[Work task]:
From the records below, output exactly the lines starting at the line with "a kitchen with" and ending at the line with "Woman in a bathroom", both of them included, but no pictures.
[Material provided Boundary: Start]
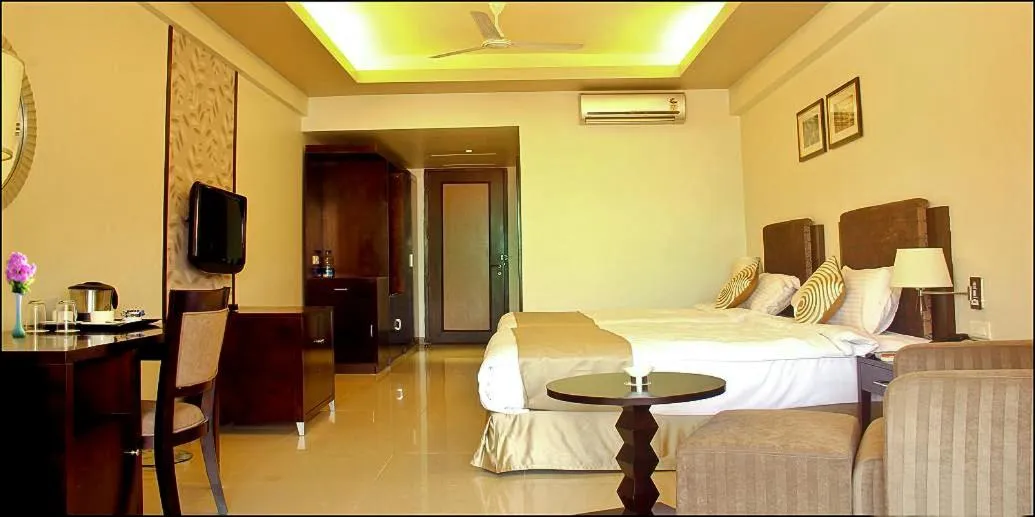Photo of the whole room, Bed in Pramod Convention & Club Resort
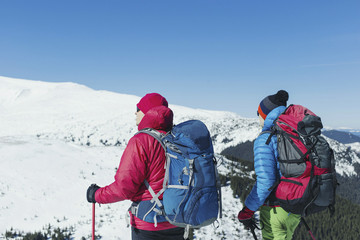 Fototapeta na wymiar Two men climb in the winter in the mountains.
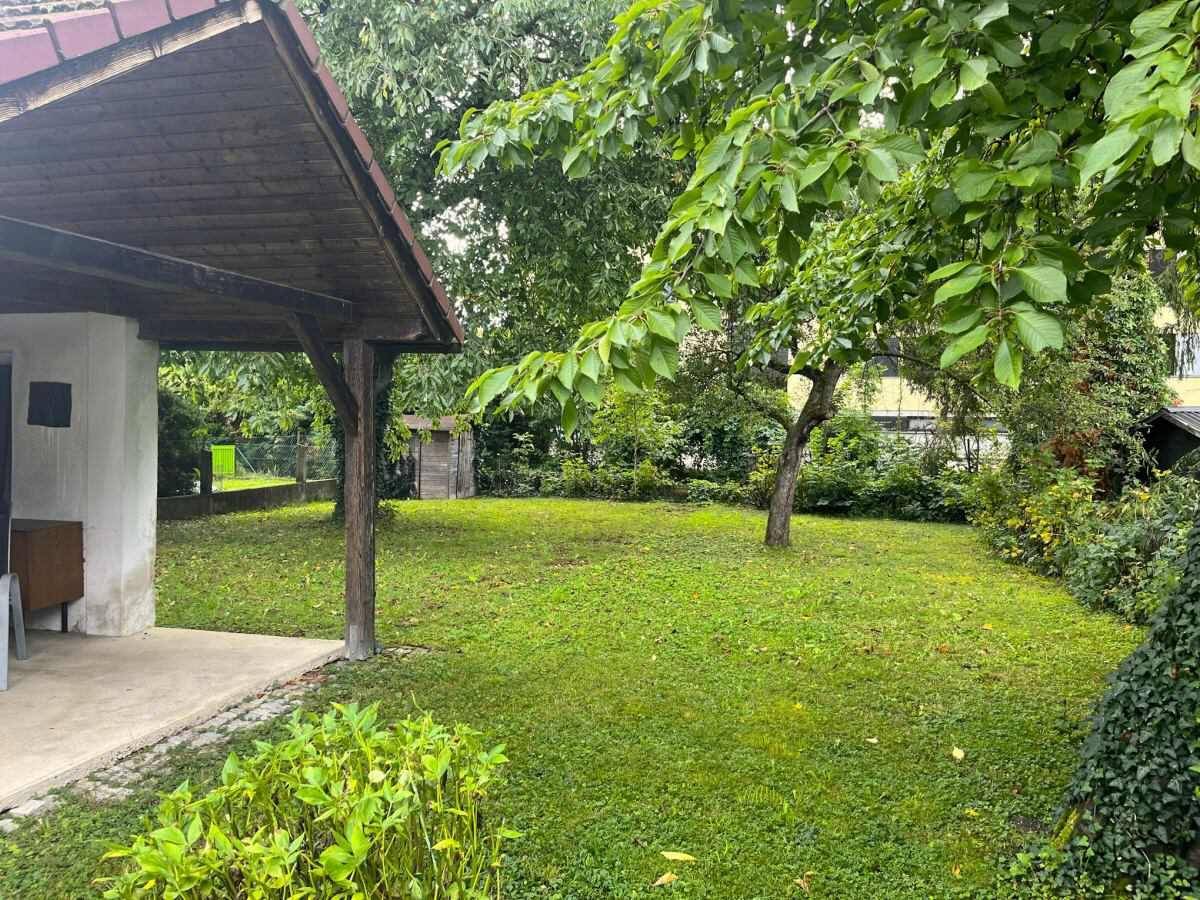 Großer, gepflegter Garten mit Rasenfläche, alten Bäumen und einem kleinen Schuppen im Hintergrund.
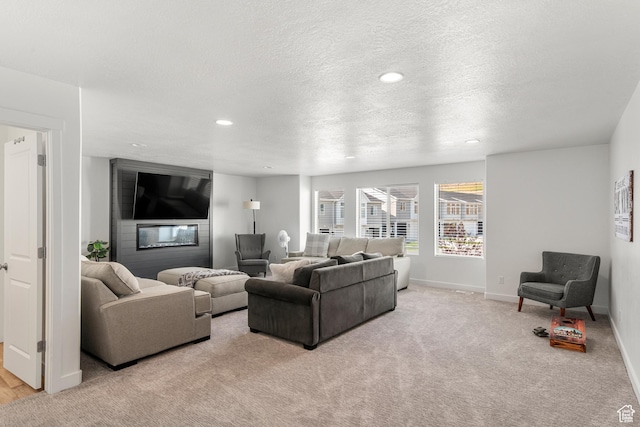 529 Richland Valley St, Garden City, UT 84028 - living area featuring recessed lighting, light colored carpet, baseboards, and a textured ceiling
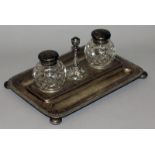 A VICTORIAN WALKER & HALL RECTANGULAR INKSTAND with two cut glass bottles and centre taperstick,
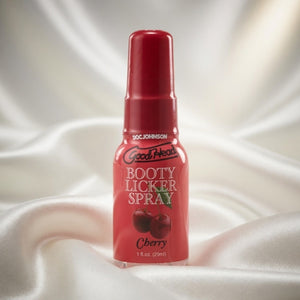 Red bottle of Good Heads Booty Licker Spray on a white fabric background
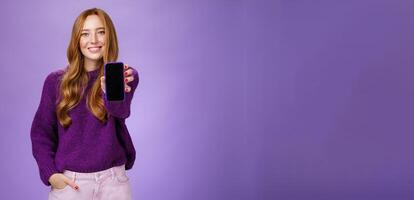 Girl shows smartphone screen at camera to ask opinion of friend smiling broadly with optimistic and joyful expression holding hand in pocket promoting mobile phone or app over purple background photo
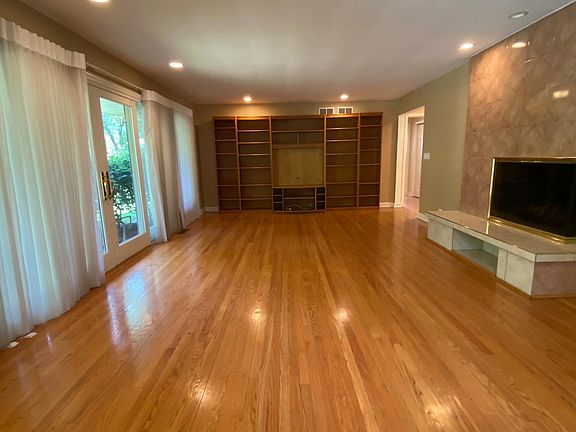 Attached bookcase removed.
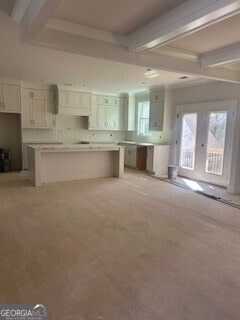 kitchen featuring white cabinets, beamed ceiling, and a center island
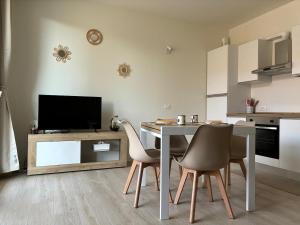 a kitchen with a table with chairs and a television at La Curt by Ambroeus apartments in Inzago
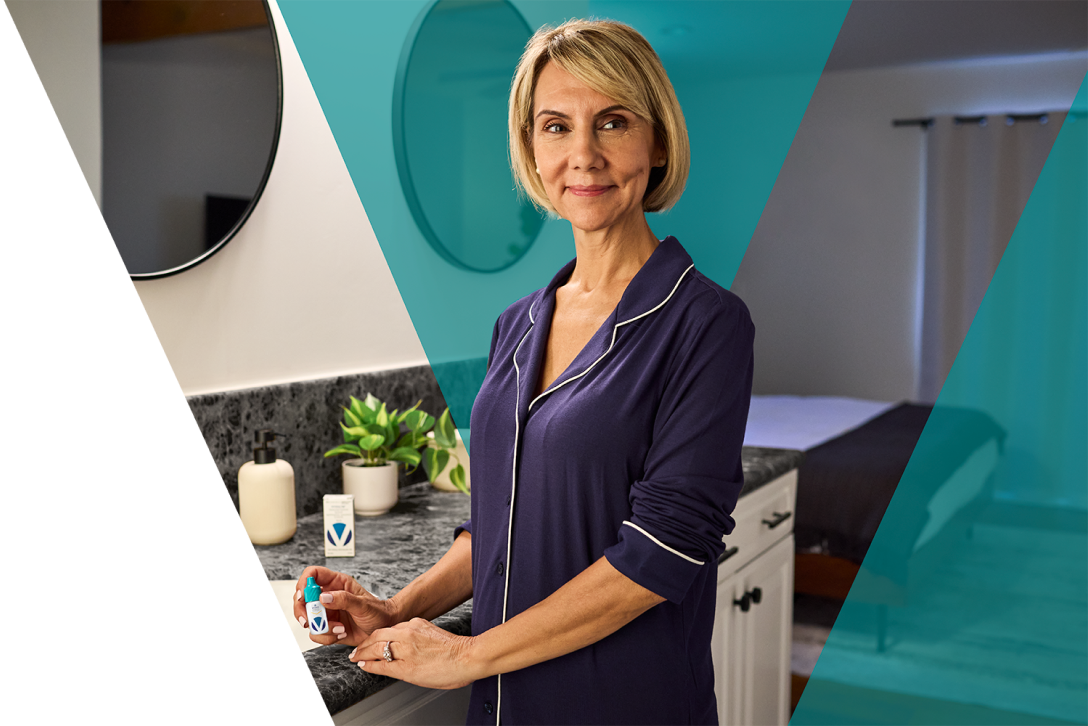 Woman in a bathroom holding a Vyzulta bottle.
[Material provided Boundary: End]
[Material provided Boundary: Start]
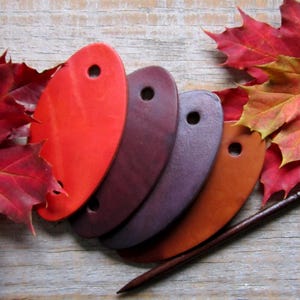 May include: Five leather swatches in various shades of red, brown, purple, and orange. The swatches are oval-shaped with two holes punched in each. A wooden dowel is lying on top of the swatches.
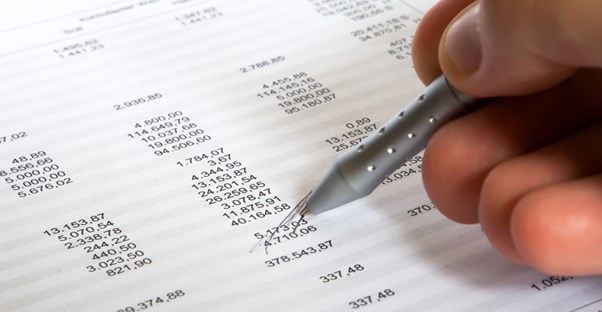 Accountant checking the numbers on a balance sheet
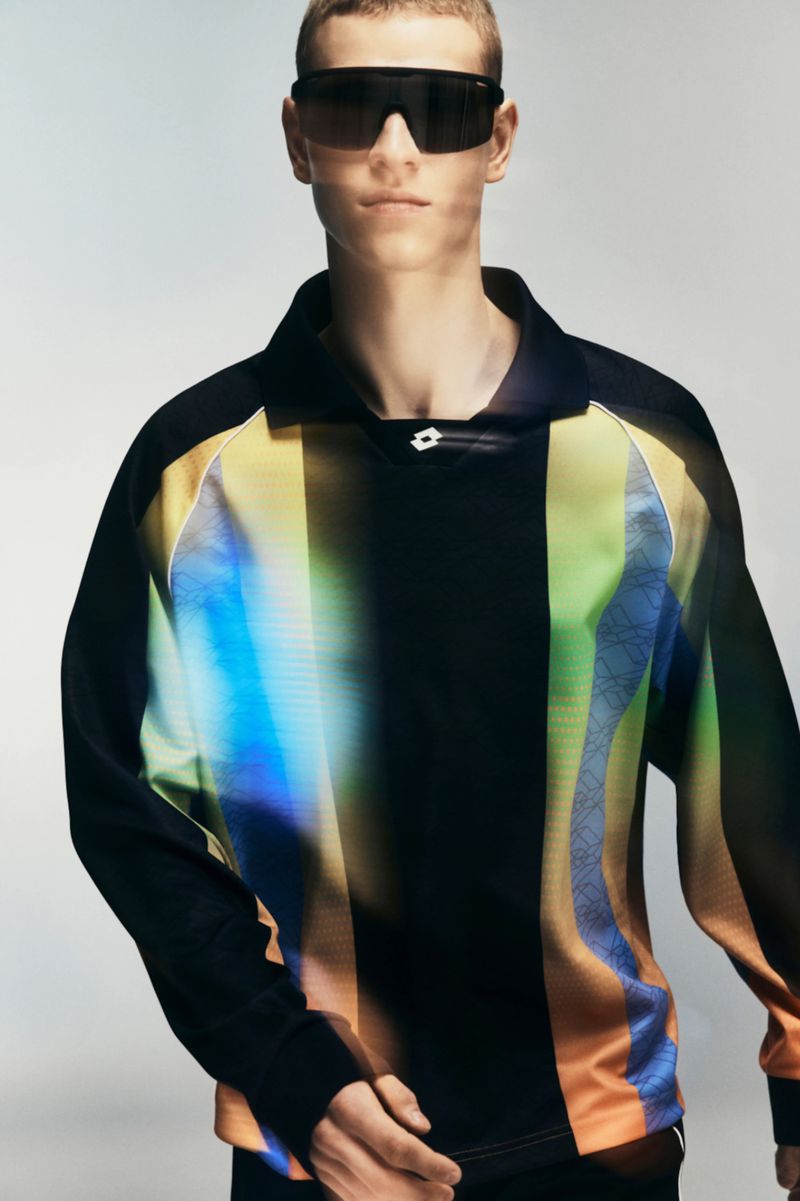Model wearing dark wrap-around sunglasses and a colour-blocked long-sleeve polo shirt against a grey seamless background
[Material provided Boundary: End]
[Answer to this task]:
 a kitchen with a table with chairs and a television at La Curt by Ambroeus apartments in Inzago
 Woman in a bathroom holding a Vyzulta bottle.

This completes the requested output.